**TASK BRIEF**
Word-for-word transcription: reproduce all of the data, but not the pictures.

BEGIN AVAILABLE DATA

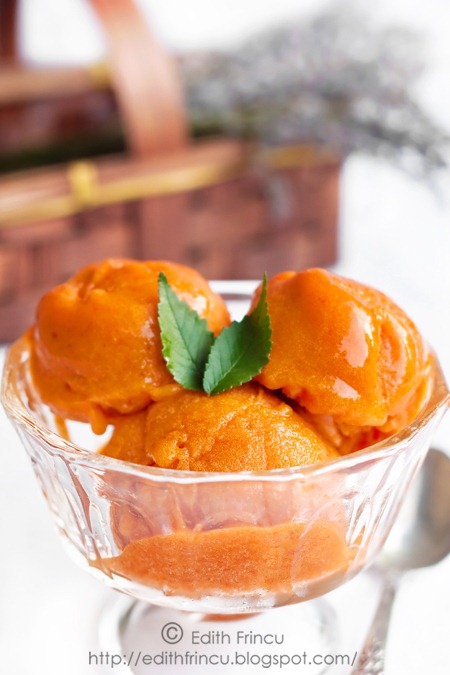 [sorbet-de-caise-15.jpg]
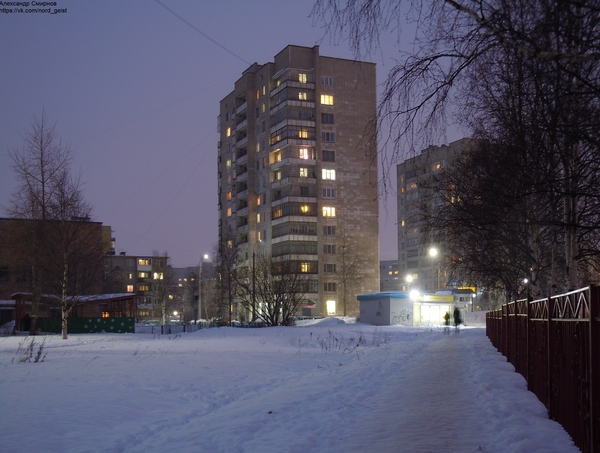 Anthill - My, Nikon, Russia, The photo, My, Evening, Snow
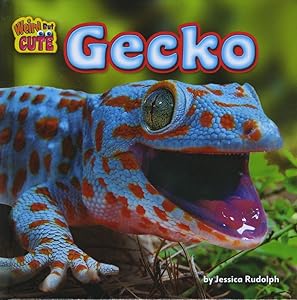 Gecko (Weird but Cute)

END AVAILABLE DATA

**SOLUTION FOR THIS EXERCISE**
 [sorbet-de-caise-15.jpg]
 Anthill - My, Nikon, Russia, The photo, My, Evening, Snow
 Gecko (Weird but Cute)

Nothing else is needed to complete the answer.